By the time we get to Woodstock and the beginning of what will become the Band proper, Roher and company have already set the stage for something closer to an ensemble piece. An army of famous talking heads from Springsteen to Scorsese to Rolling Stone founder Jann Wenner have already sung their praises. Now we get to hear the group sing their way through the one-two punch of Music From Big Pink and The Band, courtesy of some rare recording clips and a snippet from their infamous Winterland debut. (Robertson was so nervous for that gig he required the aid of a hypnotist. That anecdote is in here, with snapshots, too.) You wish there was more vintage performance footage, given how the concert album Rock of Ages proves that circa ’71, these guys were a beast live. The first year and a half was wonderful, Robertson says. Alas, all rock-hippie utopias must come to an end. Not even a move to sunny California can save a band in Seventies’ substance-abuse free fall.

And here’s where things start to get tricky regarding Once Were Brothers‘ perspective on what happened next. The Last Waltz itself gets the royal treatment, as well it should, but the years leading up to that all-star goodbye are described in brief as “it was a beautiful thing…it went up in flames.” Who lit the matches, however, is eventually boiled down to everybody but Robertson. Drink and drugs were always prevalent, and then heroin enters the picture and it all goes to shit. “I had a vision,” Robertson says, and the resentment in how he felt he was forced to carry the weight from Stage Fright to the Fillmore West’s stage is still palpable. He wanted to stop touring. But also: “Robbie kept moving, and not everybody could follow.”

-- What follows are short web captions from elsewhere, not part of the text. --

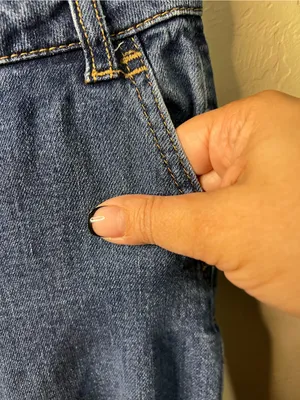 OAT New York High Rise Bootcut Trouser Denim Jeans thumbnail 6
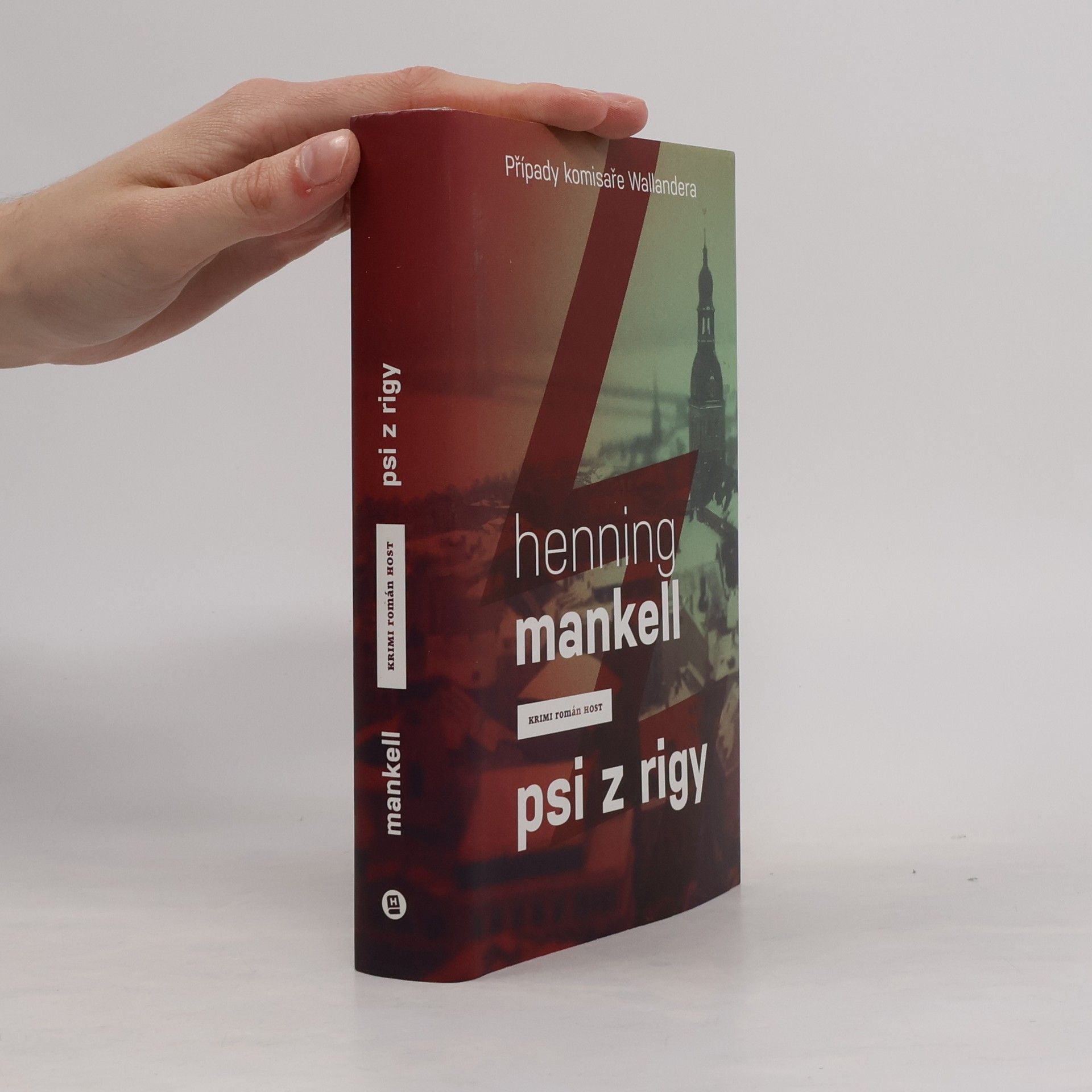 Henning Mankell Psi z Rigy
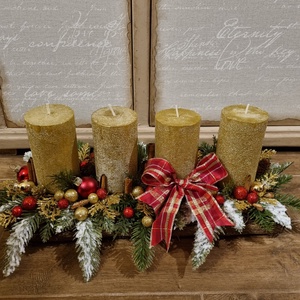 Adventi asztaldísz - Meska.hu Adventi asztaldísz - Meska.hu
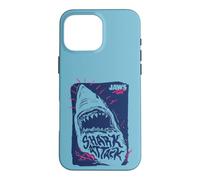 Custodia per iPhone 16 Pro Max Jaws Shark Attack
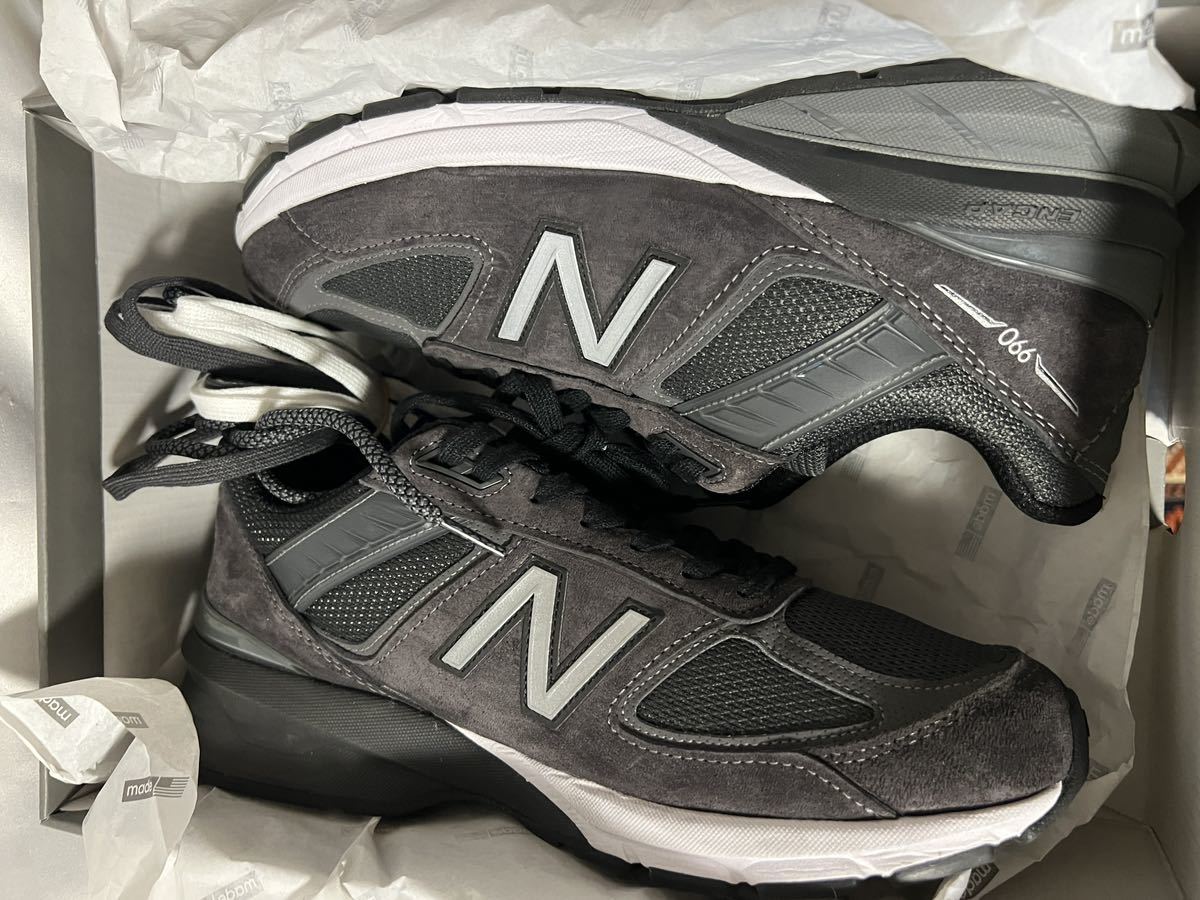 希少 27.5cm New Balance M990UA ユナイテッド アローズ USA製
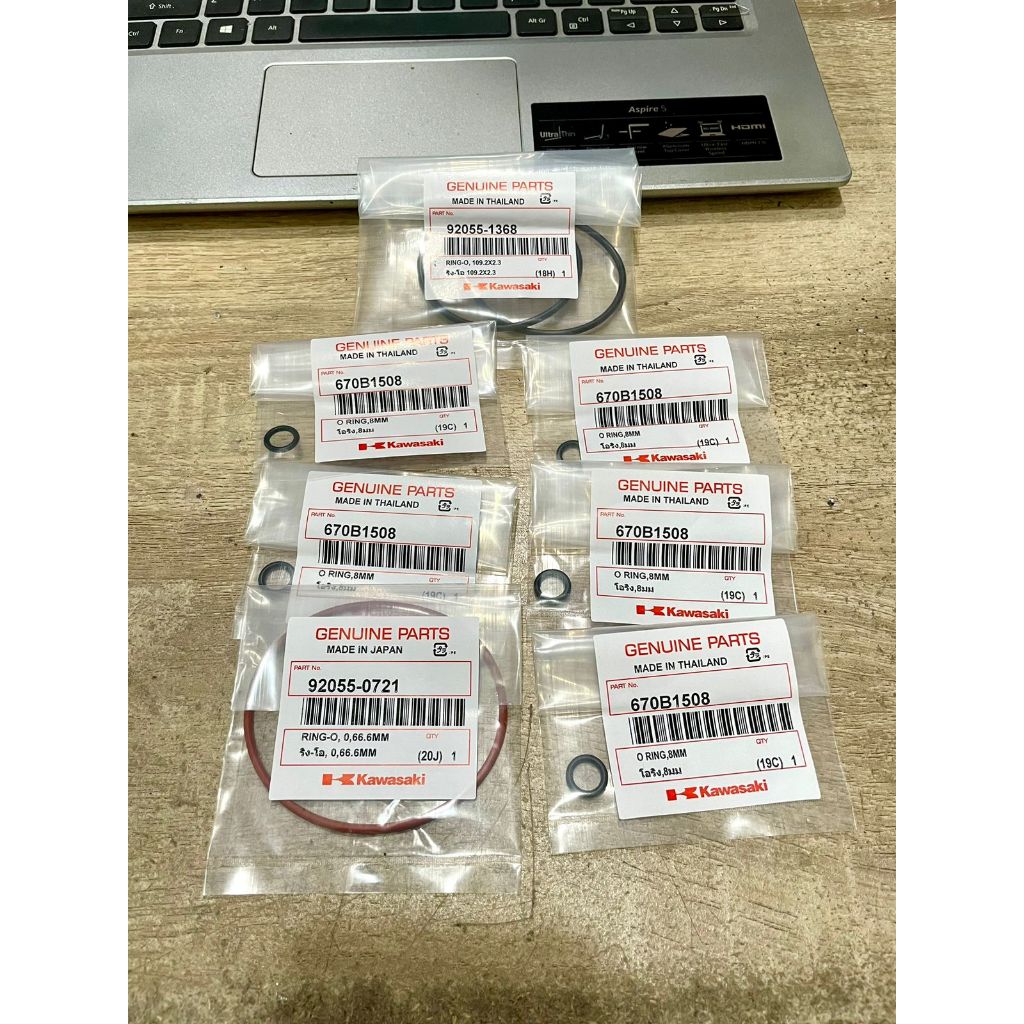 ORING HEAD NINJA,NINJA RR,NINJA SS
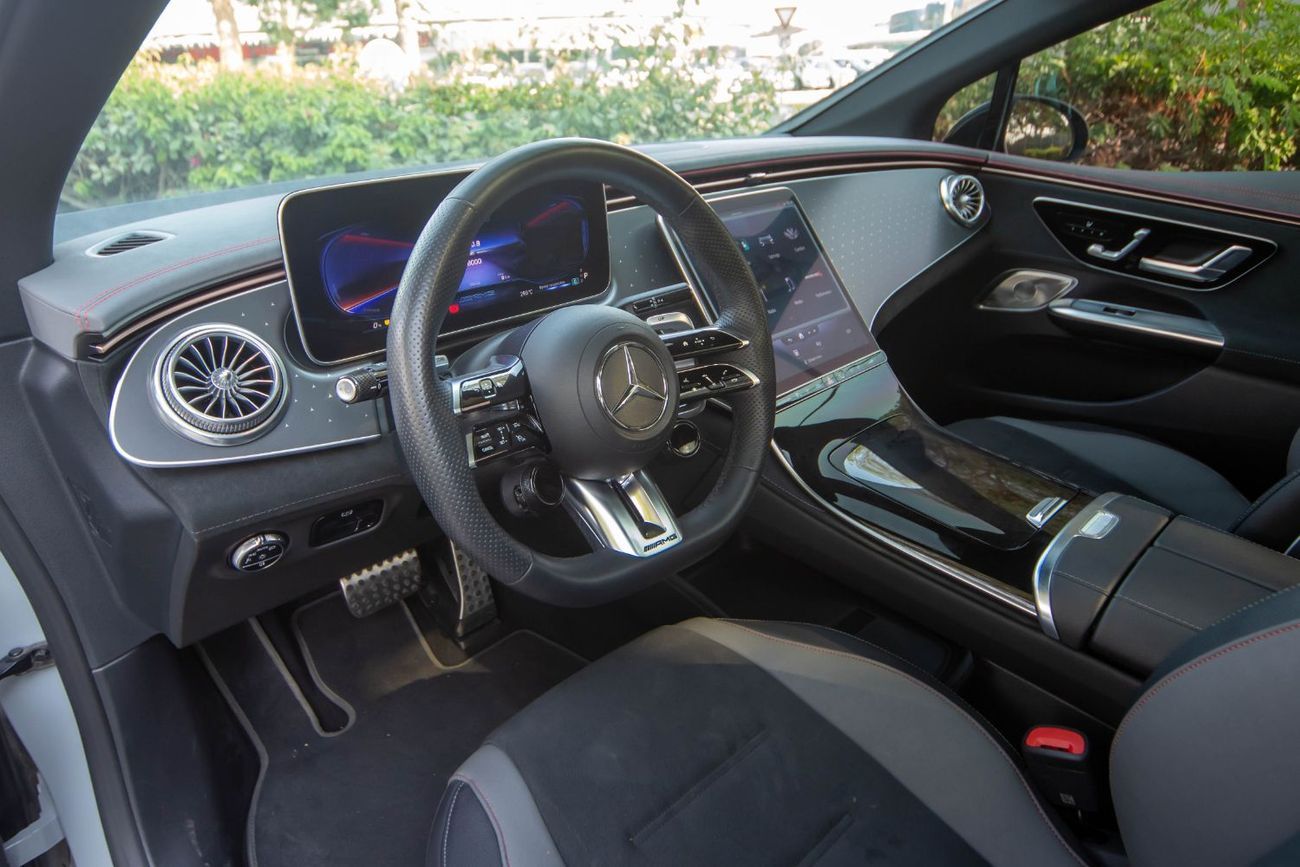 Mercedes-Benz EQE 43 2023 Mercedes-AMG EQE 43 4MATIC — 15,000 km only Fully electric luxury-performance sedan. Dual-motor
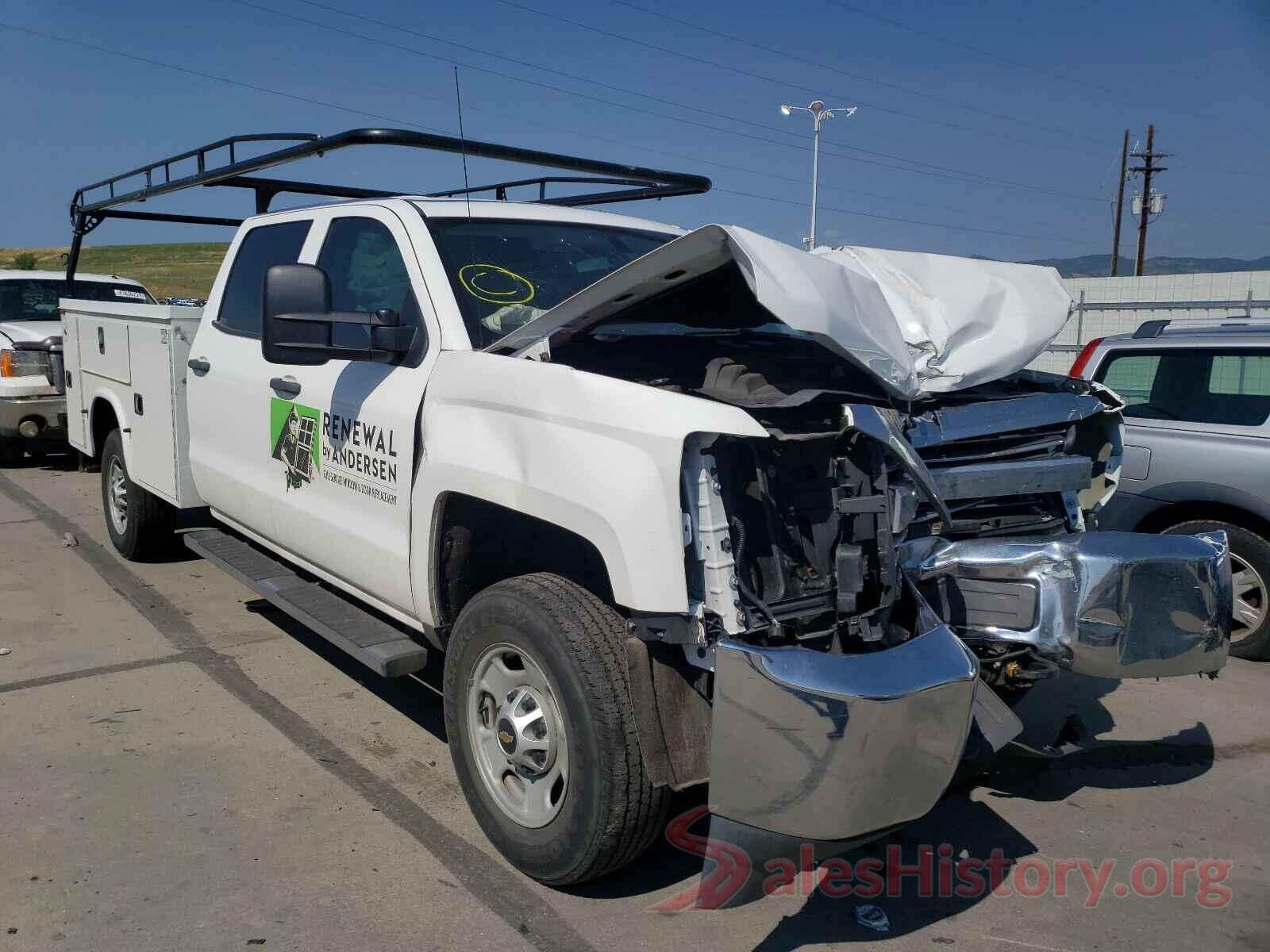 1GB1CUEG3GF155579 2016 CHEVROLET SILVERADO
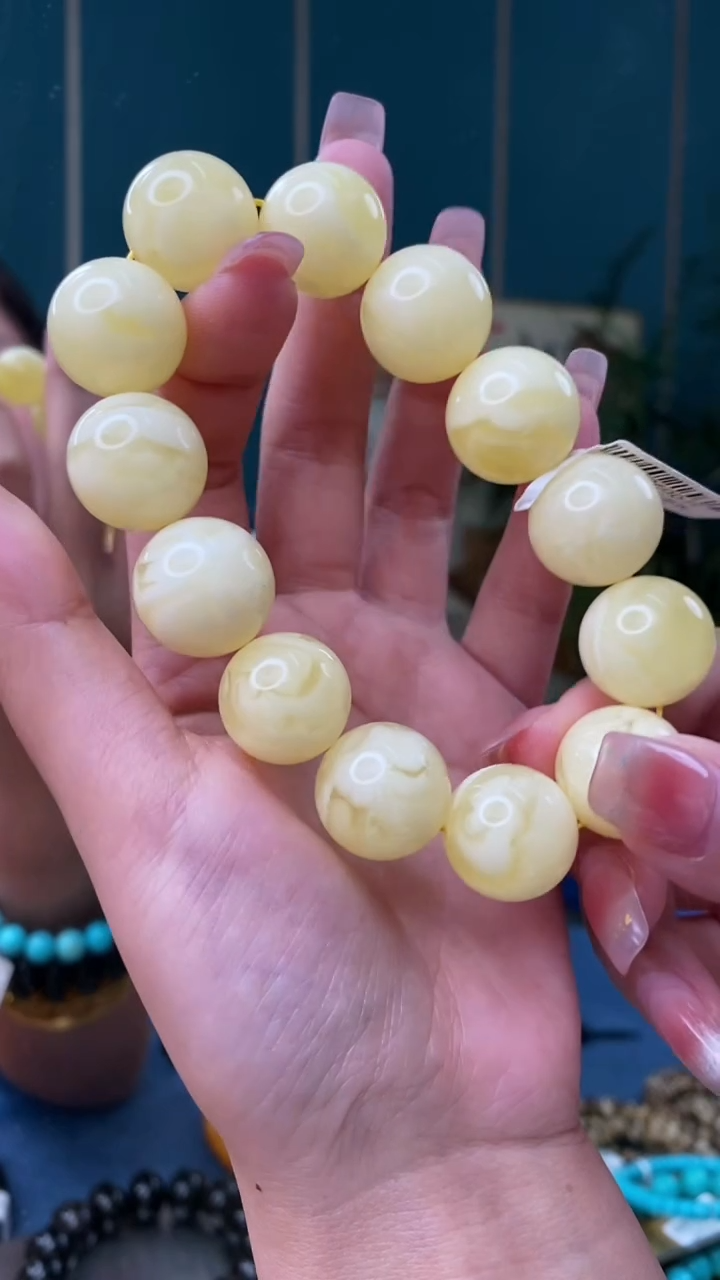 【闪购商品】琥珀裸石未镶嵌2/18-GM-#91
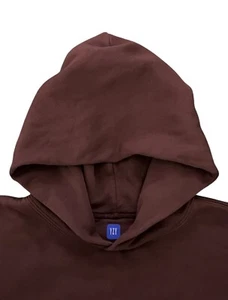 Yeezy YZY x Gap Perfect Hoodie Herren Small Braun Doppellagig Oversized NEU - Bild 1 von 8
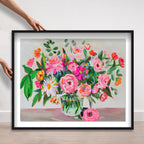 Whirlwind of Blooms I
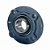 Mancal Rolamento Divisor de Linhas John Deere (CB01480304) - Imagem 2
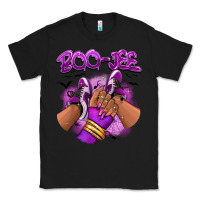 Black Boo-jee Halloween afro sneakers Classic Tee - RanaPortraitStore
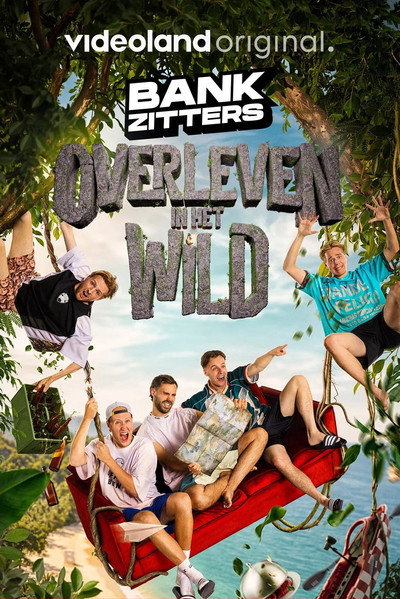 Póster de Bankzitters: Overleven in Het Wild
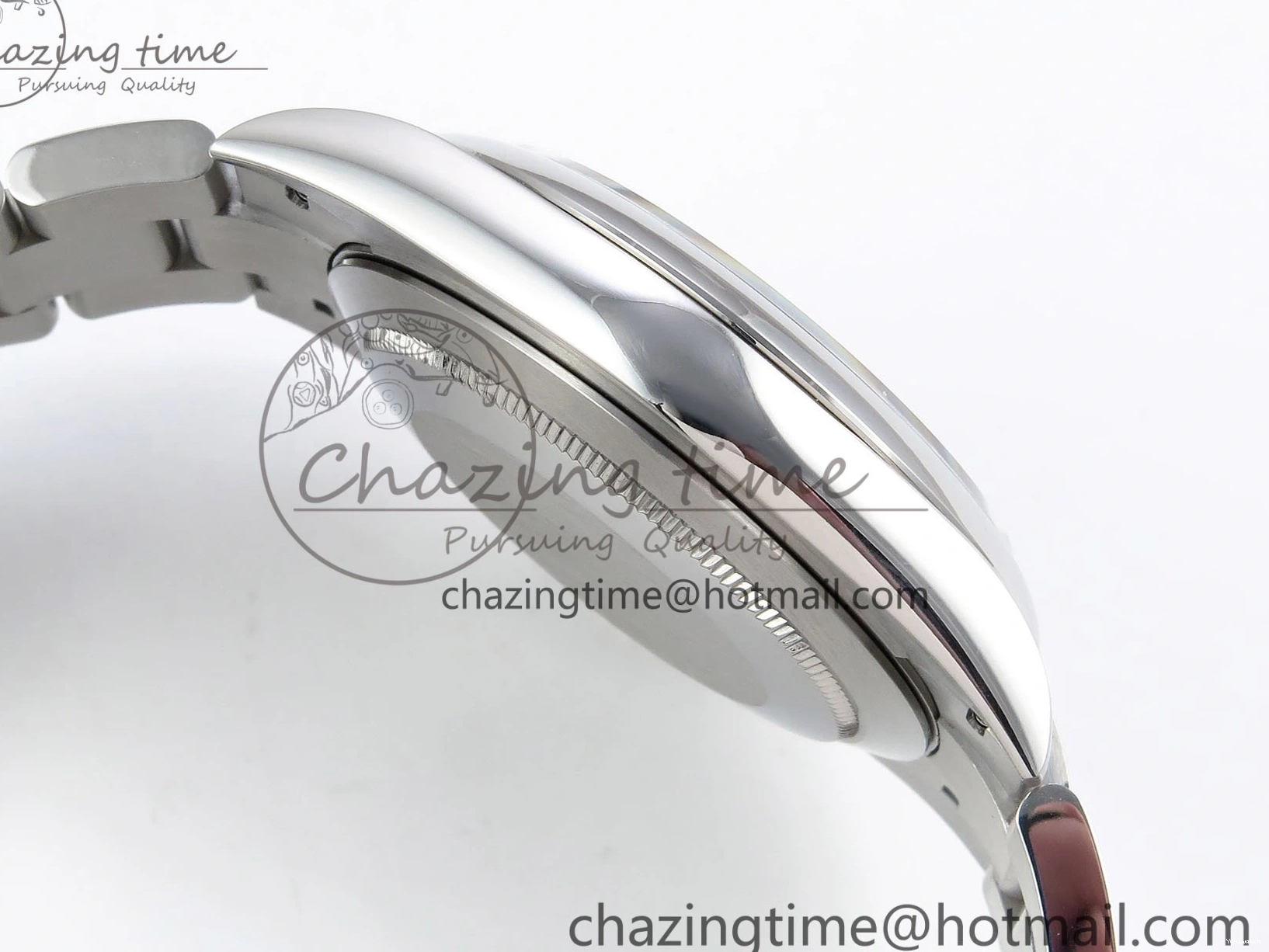 Best Orange 124300 Steel 1:1 904L 41mm A3230 Dial Edition DIWF Oyster Perpetual 0115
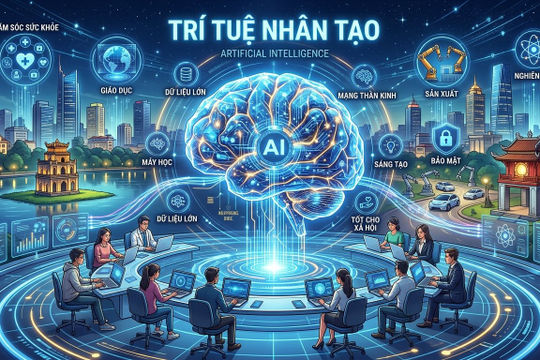 Hoàn thiện hành lang pháp lý cho trí tuệ nhân tạo: Phân loại rủi ro để kiểm soát hệ thống AI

“The idea was, [we’d] put that away,” the singer says, “we’d take care of each other, and really come back together again to make music…everybody just forgot to come back.” Not to split hairs, but: the four others played on Rick Danko’s 1977 solo album (Robertson plays on a track as well), later regrouped, toured and, after Richard Manuel tragically took his own life in 1986, recorded three more albums without Robertson. His story with the Band ends after Waltz, however, hence the story of the Band ends as well in his opinion. Fair enough. A coda, in which Robertson details saying farewell to an unconscious Helm on his death bed, is touching, though it may also give cause some Band fans aware of just how complicated, thorny and unresolved the twosome’s longtime feud was to cry tears of rage.

If you’ve read Robertson’s wonderful memoir Testimony, you’re already familiar with that story. Which, given the “inspired by” credit it gets at the end, suggests it’s better to think Once Were Brothers as an adaptation of that book rather than a straight-up rock doc about the Band per se. Manuel, Helm and Danko are all gone. Garth Hudson, the film says, still lives in Woodstock with his wife; whether he was approached or consulted for the project, it doesn’t say. In the end, we have someone who was both the driving force and one-fifth of the group speaking for the whole. His bona fides as a legend are assured; you’re reminded, watching this trip through some key chapters of a musician’s life, what a huge part he played in the art form. And you’re also reminded that history is always written, revised and rewritten by the victors.